SOURCE DATA
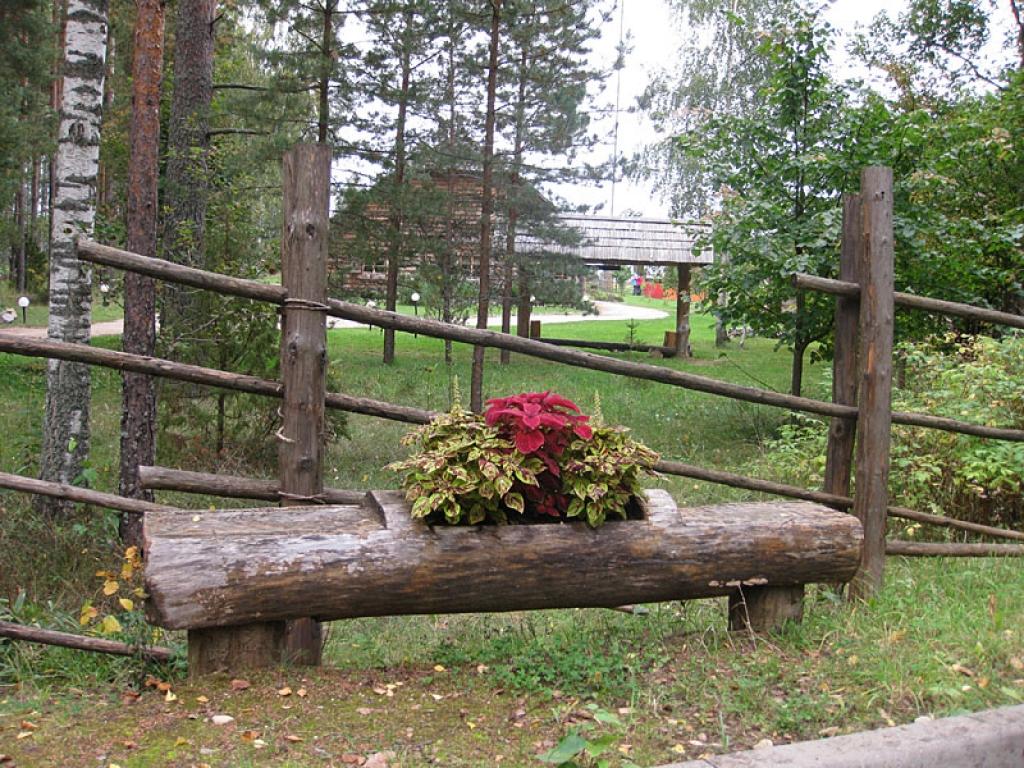 Setomā karalistē Igaunijā 

Gar pašu Krievijas robežu Igaunijā stiepjas Setomā – zeme, kur dzīvo seti. Setu tautai ir ne tikai sava valoda, bet arī savs karogs, himna un karaliene. Setu tautasdziesmā lēlo dziedātājs improvizē vārdus, kurus...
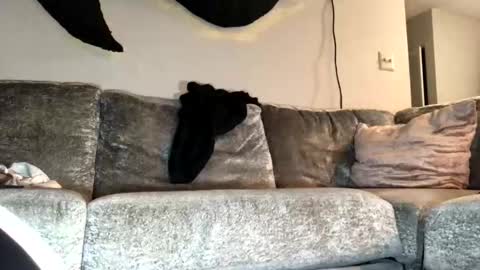 2xTheTrouble online show from 11-24-25, 11:43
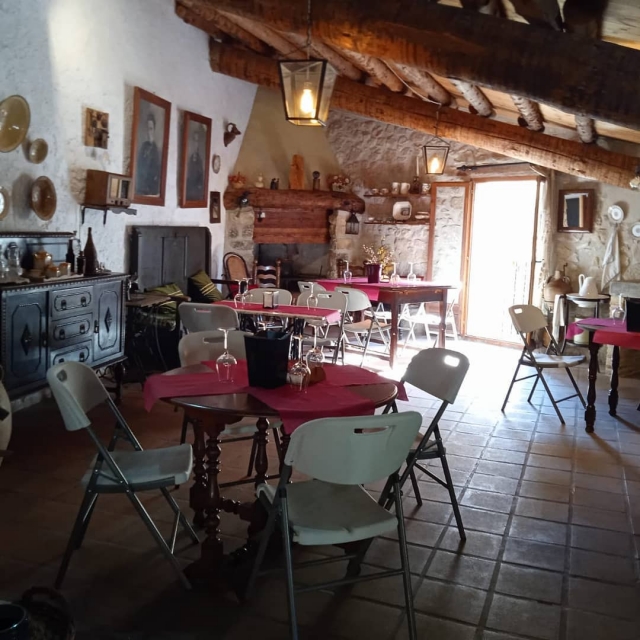 Salle à manger principale 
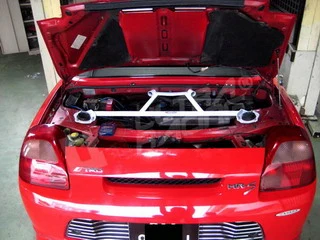 Rozpórka bagażnika (Rear Trunk Brace) Ultra Racing Toyota MR2/MRS 01-03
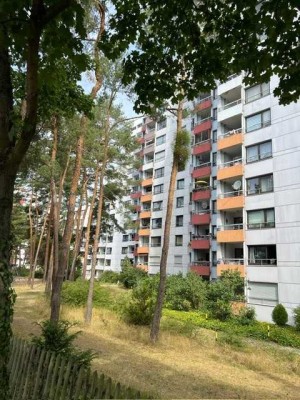 Attraktive 2-Zimmer-EG-Wohnung mit Balkon & Außenstellplatz in zentraler Lage von DA-Griesheim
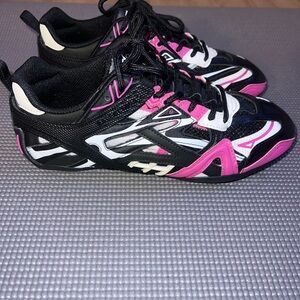 Balenciaga women’s runner shoe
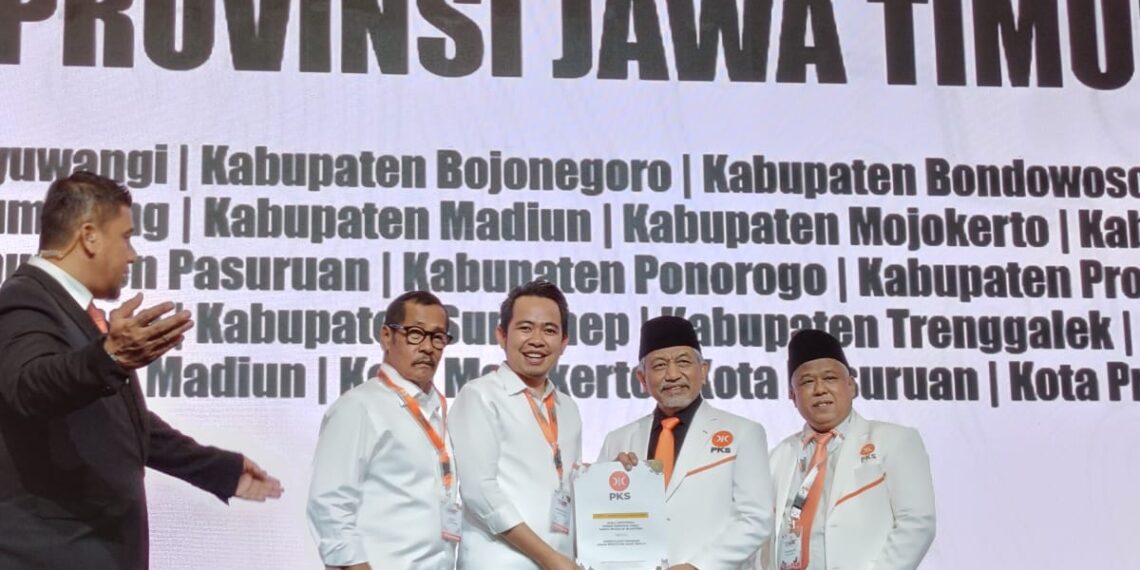 Pasangan Gus Fawait dan Djoko Terima B1- KWK dari DPP PKS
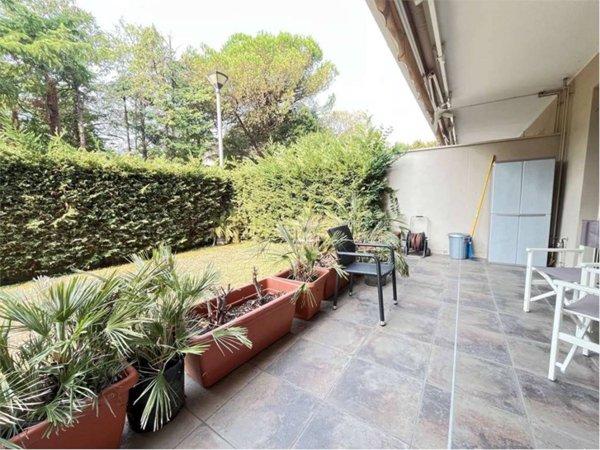 appartamento in vendita a Verbania in zona Suna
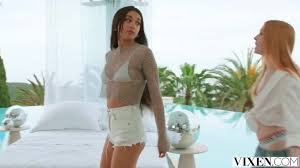 Vanessa Alessia, Maddy Collins – Poolside Sharing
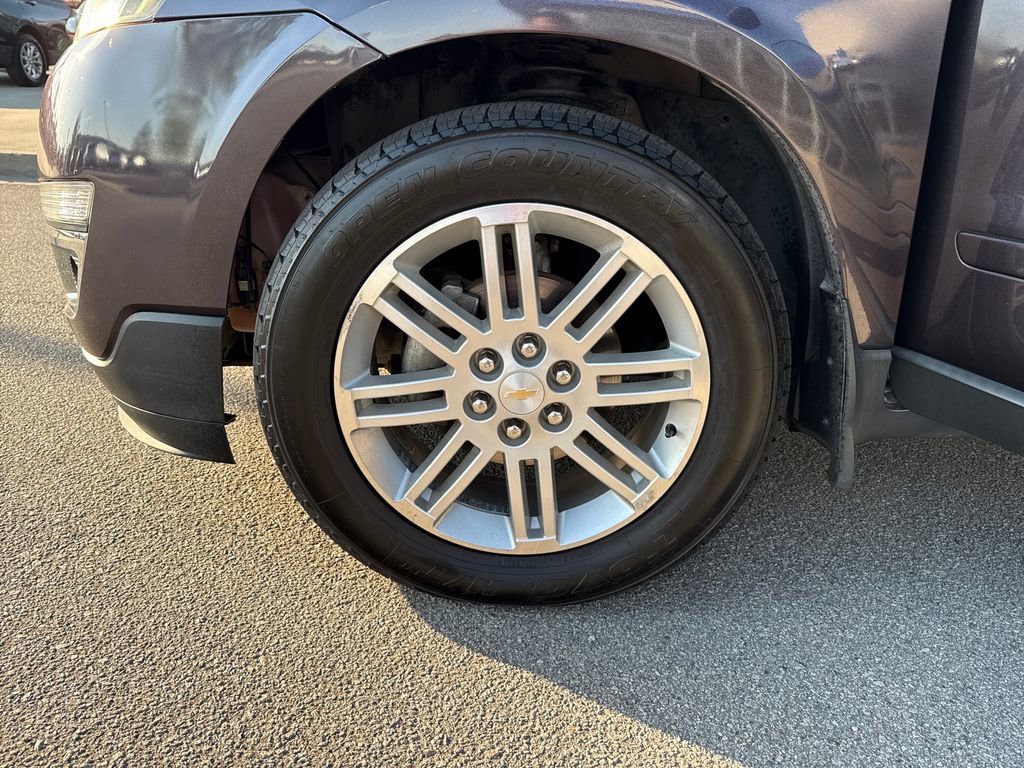 Used 2015 Chevrolet Traverse LT w/ Style and Technology Package image 13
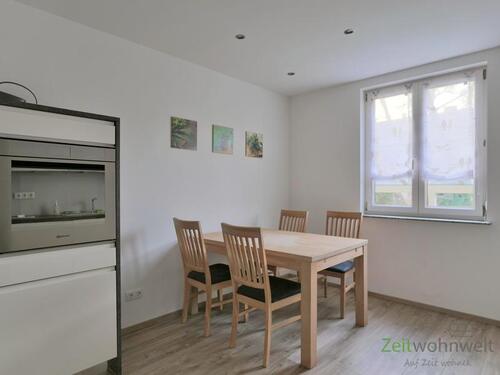 Blick in die Küche - 60 Zimmer Etagenwohnung in Erfurt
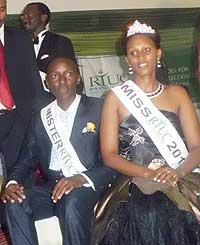 Raoul Mugwaneza(L) and Elizabeth Ibyishaka were  crowned  Mr. and Miss RTUC 2012.  All photos / Grace Mugoya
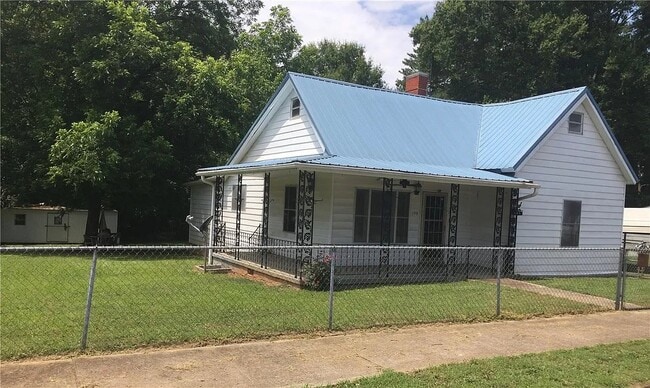 109 Simmons St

ACTIVITY
Skip all pictures. Copy exactly the lines from the one containing "Blick in die" through the end of the records, both ends included.

RESPONSE
 Blick in die Küche - 60 Zimmer Etagenwohnung in Erfurt
 Raoul Mugwaneza(L) and Elizabeth Ibyishaka were  crowned  Mr. and Miss RTUC 2012.  All photos / Grace Mugoya
 109 Simmons St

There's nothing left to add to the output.